The Portland Daily Sun
- The February 14, 2009 front page of The Portland Daily Sun
- Type: Daily newspaper
- Format: Tabloid
- Owner(s): Portland News Club, LLC.
- Publisher: Mark Guerringue
- Editor: David Carkhuff
- Founded: February 3, 2009
- Ceased publication: December 23, 2014
- Headquarters: 477 Congress Street, Suite 1105, Portland, Maine 04101, USA
- Circulation: 13,100 daily
- Price: Free
- Website: portlanddailysun.me

= The Portland Daily Sun =

American local newspaper (2009-2014)

The Portland Daily Sun was a free newspaper that was distributed to retail and business locations in Portland, Maine between 2009 and 2014.

== History ==
The paper was founded in 2009 by Mark Guerringue and Adam Hirshan of Country News Club, in partnership with Curtis Robinson, who served as founding editor. Its first edition was printed February 3, 2009. Circulation, which started at 3,000 copies, quickly rose to 15,000. It published five days a week, Tuesday through Saturday.

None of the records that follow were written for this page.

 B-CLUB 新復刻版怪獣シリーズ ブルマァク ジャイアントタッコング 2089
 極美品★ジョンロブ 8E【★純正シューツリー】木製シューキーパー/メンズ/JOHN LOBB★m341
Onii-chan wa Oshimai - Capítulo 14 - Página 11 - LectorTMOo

In 2012, the newspaper moved its offices to the Time and Temperature Building in downtown Portland. At the time, publisher Mark Guerringue said The Portland Daily Sun was not yet profitable, but "We're poised for it, the pieces are in place".

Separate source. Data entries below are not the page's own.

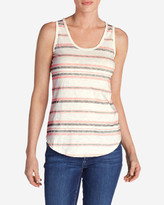 Thumbnail for your product : Eddie Bauer Women's Ravenna Tank Top - Striped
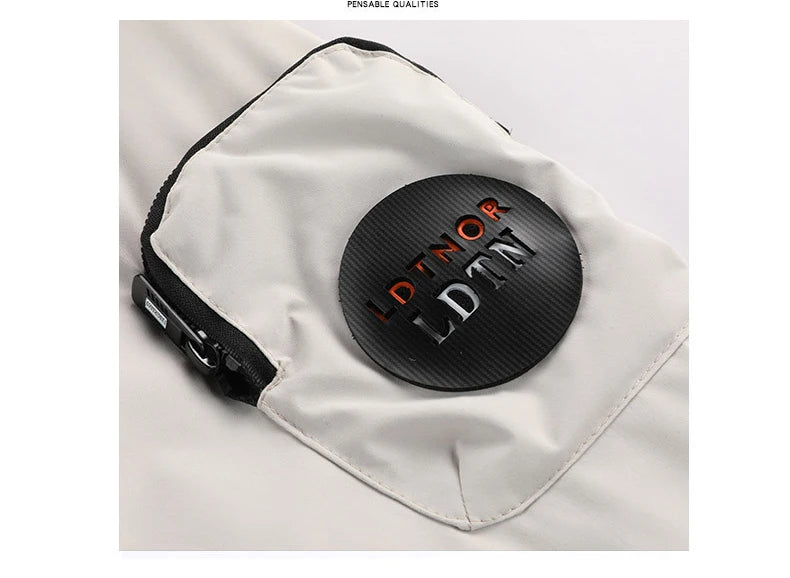 Urban Tactical Windbreaker – Utility Edition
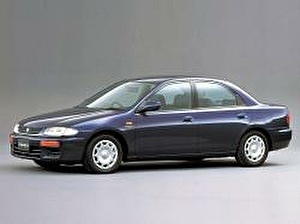 Шины на Mazda Familia 1995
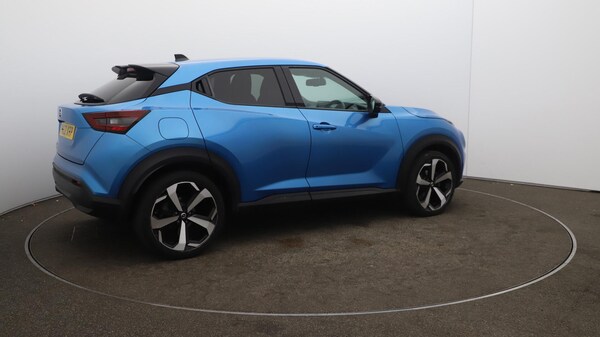 Used Nissan Juke 2022 for sale - 76199890: Photo 52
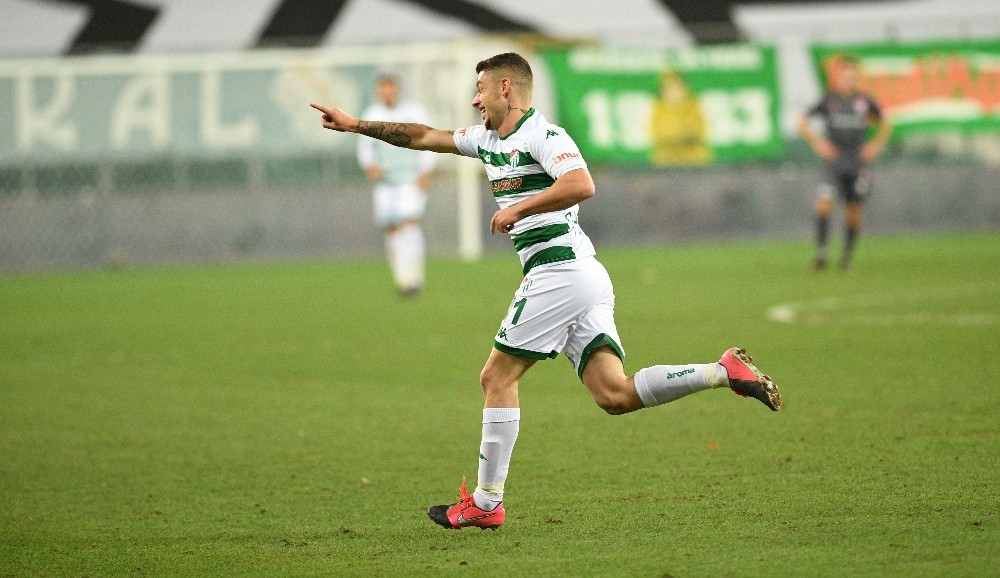 Bursaspor play-off’u nasıl yakalar? Bursaspor play-off’u nasıl yakalar?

In 2013, the newspaper decreased its publication days from five to only two per week (Tuesdays and Fridays), citing a lack of advertisers. The Portland Daily Sun published its final issue on December 23, 2014.

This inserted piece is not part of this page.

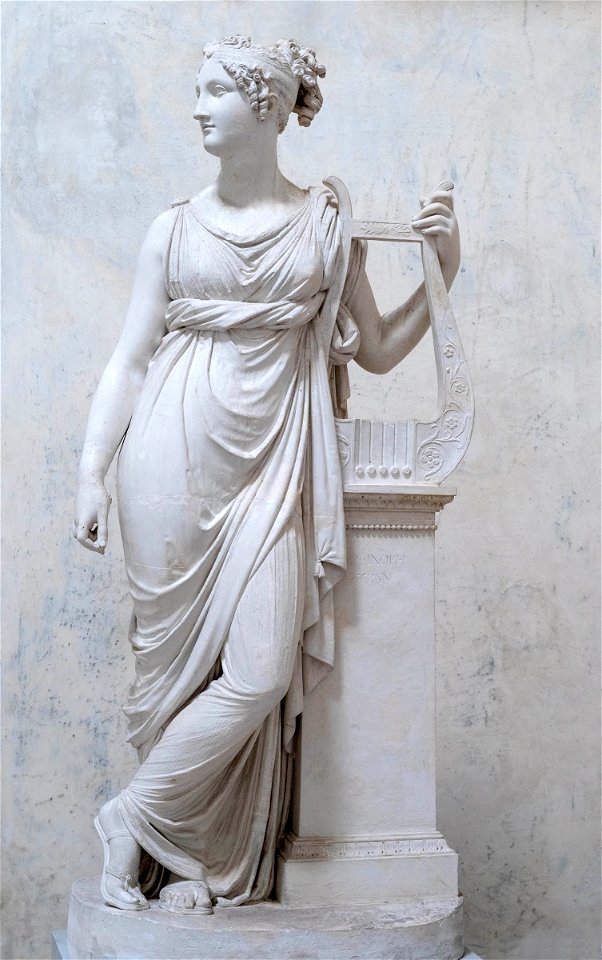 Canova - Terpsichore, 1811
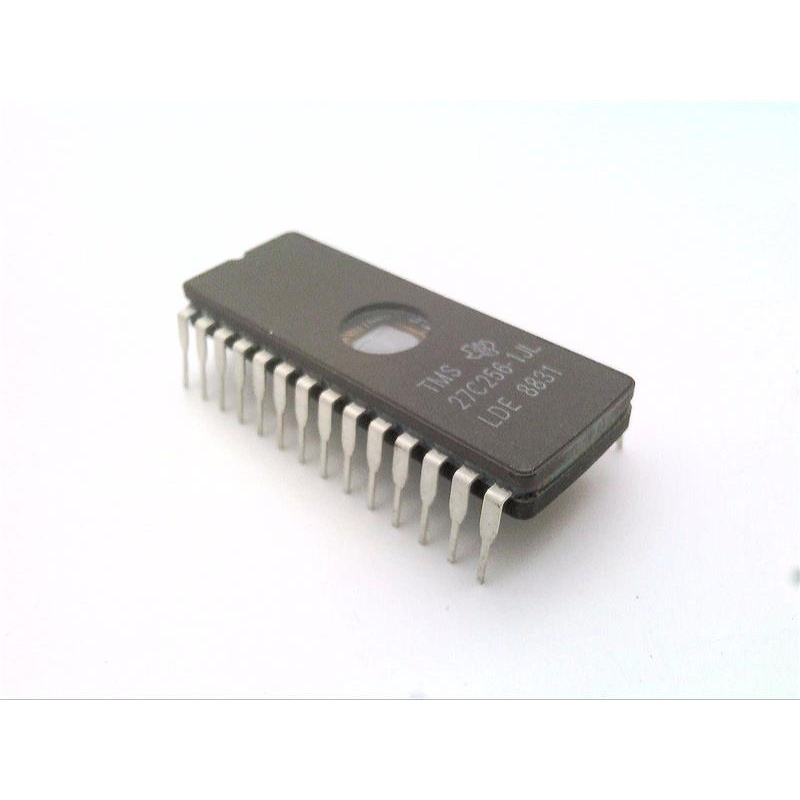Изображение товара: TEXAS INSTRUMENTS SEMI TMS27C256-1JL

==Columnists and contributors==
The Sun featured local columnists Natalie Ladd, Cliff Gallant, Telly Halkias, Karen Vaschon, Curtis Robinson, Margo Mallar, Heidi Wendel, Maggie Knowles and Bob Higgins. Tim Gillis contributed to features.

==Sisters and competitors==
The Portland Daily Sun was the third free daily newspaper to follow the model of The Conway Daily Sun, launched by Mark Guerringue and Adam Hirshan in 1989 in Conway, New Hampshire. Its sister papers owned by Country News Club and its affiliates also included The Berlin Daily Sun and The Laconia Daily Sun, both in New Hampshire, and a weekly, The Northern Light, in western Maine.

The Sun competed head-to-head with the Portland Press Herald, the largest newspaper in the state of Maine.